The point of law is fundamentally property and contracts rights – wide-acceptance, cost-effective execution and reliable-enforcement – thereby minimising overhead cost and risk of doing business beyond your immediate social neighbourhood. Interesting that laws of precedent must (do) rest on common law of what is good, and what is law good for (and that common law is based on social interaction between neighbours, extended by communication to wider society – one source of hypocrisy – imperfect empathy as well as imperfect knowledge). The point of precedent being to ensure that evolutionary changes in law, as society and environment change, are always coherent – consistent within a shared narrative – proceeding step-wise from precedent, anchored but not fixed by precedent. Another of these clear “progressive evolution requires institutional conservatism” messages.

Beyond Law-101 above, the point is primarily one of balance between private and public institutions for setting and enforcing laws of business, without either becoming an over-powerful dead hand – monopolistic on one hand, bureaucratic on the other. The bureaucracy of complex legislation leads to the rule of lawyers (as in the US), rather than law. Ultimately we depend on the true independence of judiciary, rather than judiciary (and executive politics) as extensions of the legal profession.

Let’s hope there is more than Law 101 in the 4th and final extended lecture tomorrow.

Pull the other Boson

Look I still don’t buy it.

A particle suggesting / equivalent to the Higgs ? So all the attempted explanations / metaphors / fancy visualizations to date, tell us that the Higgs Field is about “stuff” that resists the movement of other particles and explains the inertial resistance to movement of those particles we know as “mass”.

So how is it the Higgs Boson has more that 130 times the mass of any other sub-atomic particle ? Where does “it” get its mass from. How can the field explaining mass of other particles comprise particles that already have (lots of) mass ?!? What does a Higgs Boson actually have to do with the Higgs Field ?

All these poxy metaphors are failing to tell us something. Emperors and clothes spring to mind.
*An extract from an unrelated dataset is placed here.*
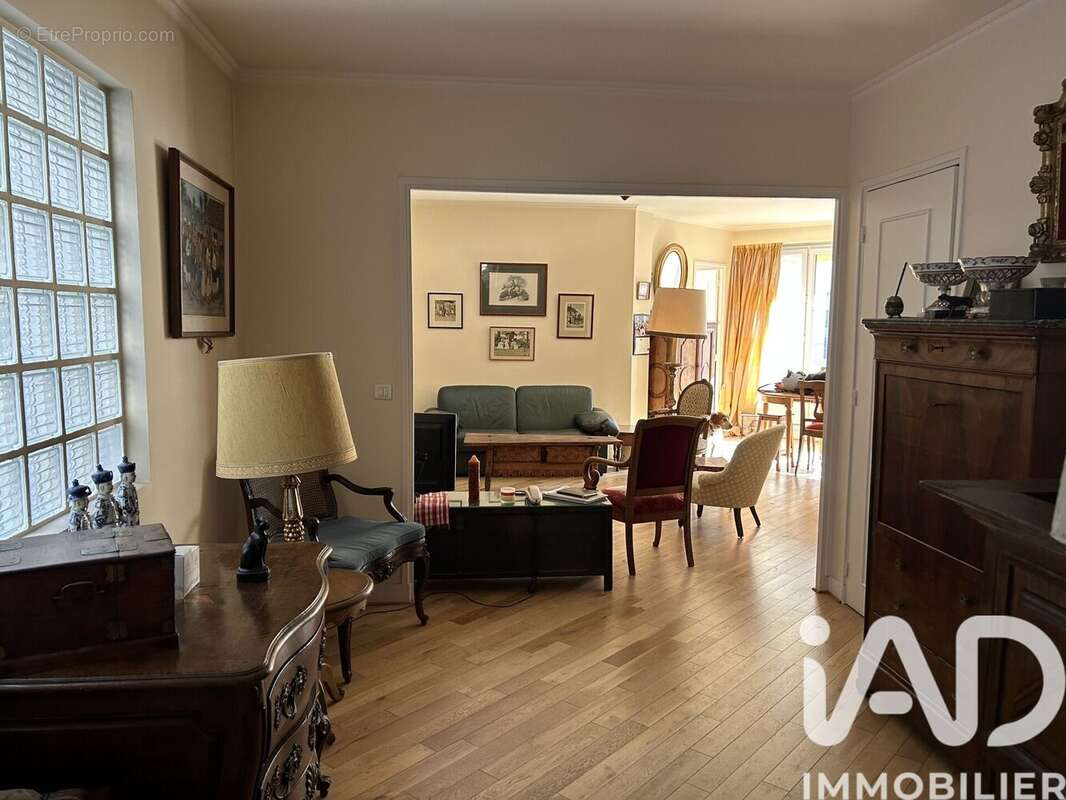 Photo 3 - Appartement à PARIS-16E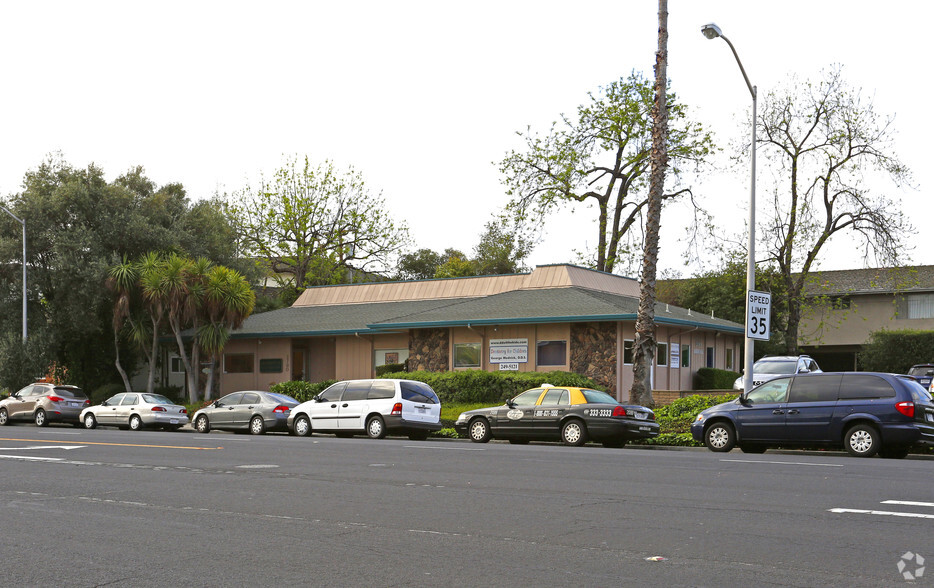 2790 Newhall St, Santa Clara, CA for lease - Primary Photo - Image 1 of 4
[Post Note: Also good to see rejection of the God Particle metaphor – not just because of the two-way offence at bringing God needlessly into the political science debate – but because it grossly inflates the significance of the Higgs Boson – it’s just one potential missing piece in the standard model, with plenty more missing pieces – gravity anyone – and many more opportunities for the standard model itself to be proven entirely wrong.]

Resilience of Amazon Cloud ?

Interesting (from Forbes via LinkedIn) story of how storm power outages put Amazon Cloud down – how much depends on Amazon resources and how resilient the cloud actually is – a lot and not very it seems.

Mary the Colour Scientist ?

A variation on an early theme, but it seems some women may have the power to perceive many more colours than the rest of us. (Interestingly, converse to the fact that colour-blindness – two-cones – is most closely associated with men, “tetrachromats” – four-cones –  apparently tend to be women.) Hat tip to Catless at Bif Riv.

(NB “Mary the Colour Scientist” is part of a thought experiment where the individual perception of colour cannot be shared between us or related to any empirical scientific explanatory knowledge of colour as electromagnetic wavelengths of light. Mary for gender-equality-political-correctness-of-science in this case, not the super-human power of women.)